The meaning for most of these parameters should be evident from looking at the details of the implementations for the various RL algorithms linked above. However, some parameters require a more detailed explanation: in general, the suffix _ou refers to stateful noise of Ornstein-Uhlenbeck type with zero drift. This noise type is often used if correlation between time steps is desired and thus popular in reinforcement learning. Check out the wikipedia page for details.

The prefix space refers to applying the noise to the predicted ation directly. For example, if \(p\) is our (deterministic) policy function, an exploration action using space noise type is obtained by computing

\[\tilde{a} = \mathrm{clip}(p(\theta, s) + \mathcal{N}(0,\sigma_\mathrm{explore}), a_\mathrm{low}, a_\mathrm{high})\]

for any input state \(s\) and policy weights \(\theta\). In case of parameter noise, the noise will be applied to each weight of \(p\) instead. Hence, the noised action is computed via

\[\tilde{a} = \mathrm{clip}(p(\theta + \mathcal{N}(0,\sigma_\mathrm{explore}), s), a_\mathrm{low}, a_\mathrm{high})\]

The parameter adaptive specifies whether the noise variance \(\sigma\) should be taken relative to the magnitude of the action magnitudes or weight magnitudes for space and parameter noise respectively. In terms of the former, this would mean that

\[ \begin{align}\begin{aligned}a &= p(\theta, s)\\\tilde{a} &= \mathrm{clip}(a + \sigma_\mathrm{explore}\,\mathcal{N}(0,\|a\|), a_\mathrm{low}, a_\mathrm{high})\end{aligned}\end{align} \]
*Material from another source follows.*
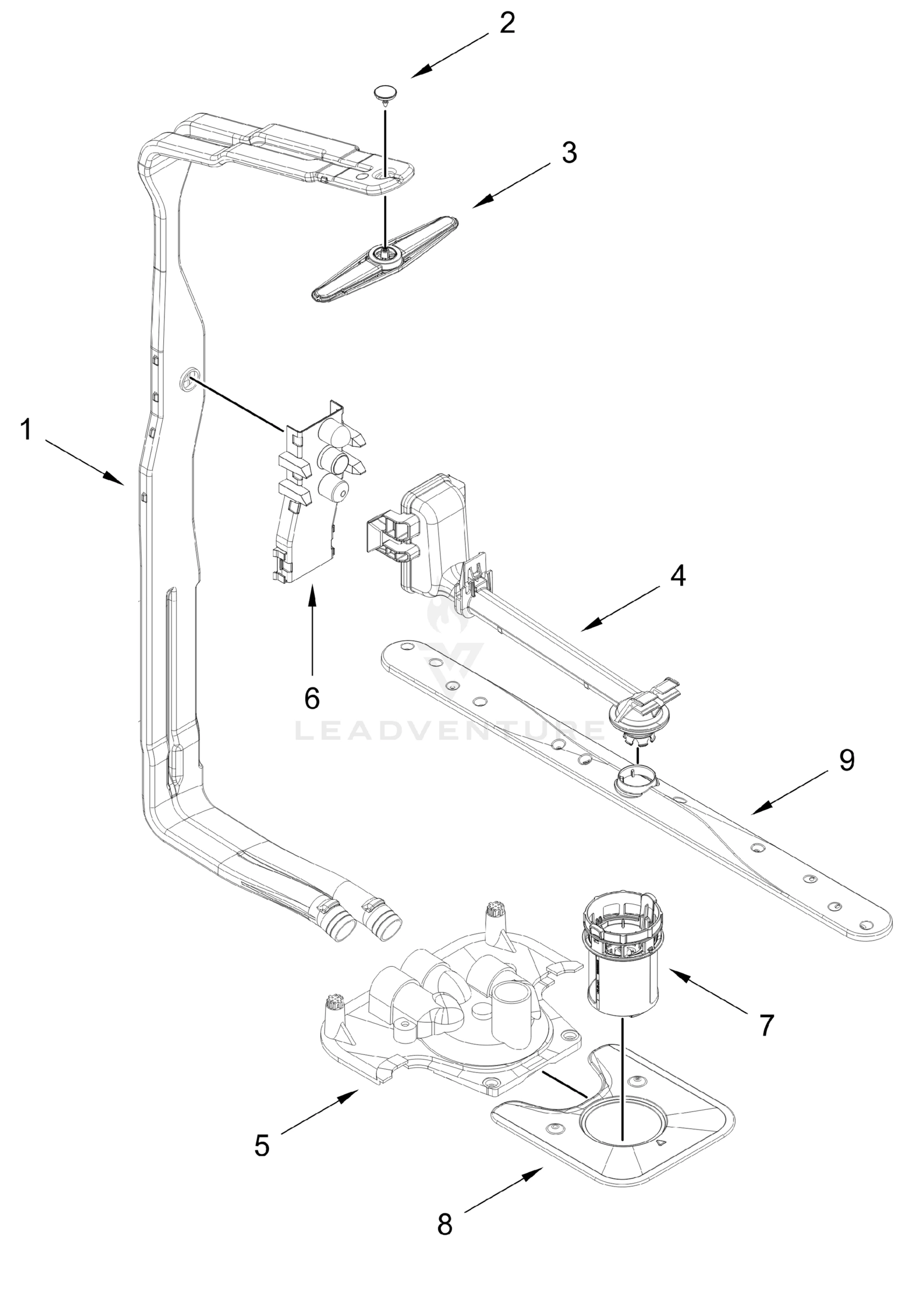 UPPER WASH AND RINSE PARTS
and analogous for parameter noise.

Whichever noise type and parameters are the best highly depends on the behavior of the environment and therefore we cannot give a general recommendation.

For algorithm type sac, only action bounds are supported as the noise is built into the algorithm and cannot be customized.

Policy and Critic Properties

The block in the configuration file defining model properties for actor/policy and critic/value are similar to the supervised learning case (see Model Properties). In this case, TorchFort supports different model properties for policy and critic. The block configuration looks as follows:

critic_model:
  type: <critic_model_type>
  parameters:
    <option> = <value>

policy_model:
  type: <policy_model_type>
  parameters:
    <option> = <value>

Refer to the Model Properties for available model types and options.

Note

For algorithms which use multiple critics networks such as TD3, the critic model is copied internally num_critic times and the weights are randomly initialized for each of these models independently.

Note

In case of SAC algorithm, make sure that the policy network not only returns the mean actions value tensor but also the log probability sigma tensor. As an example see the policy function implementation of stable baselines.

Learning Rate Schedule Properties

For reinforcement learning, TorchFort supports different learning rate schedules for policy and critic. The block configuration looks as follows:

critic_lr_scheduler:
  type: <schedule_type>
  parameters:
    <option> = <value>

policy_lr_scheduler:
  type: <schedule_type>
  parameters:
    <option> = <value>

Refer to the Learning Rate Schedule Properties for available scheduler types and options.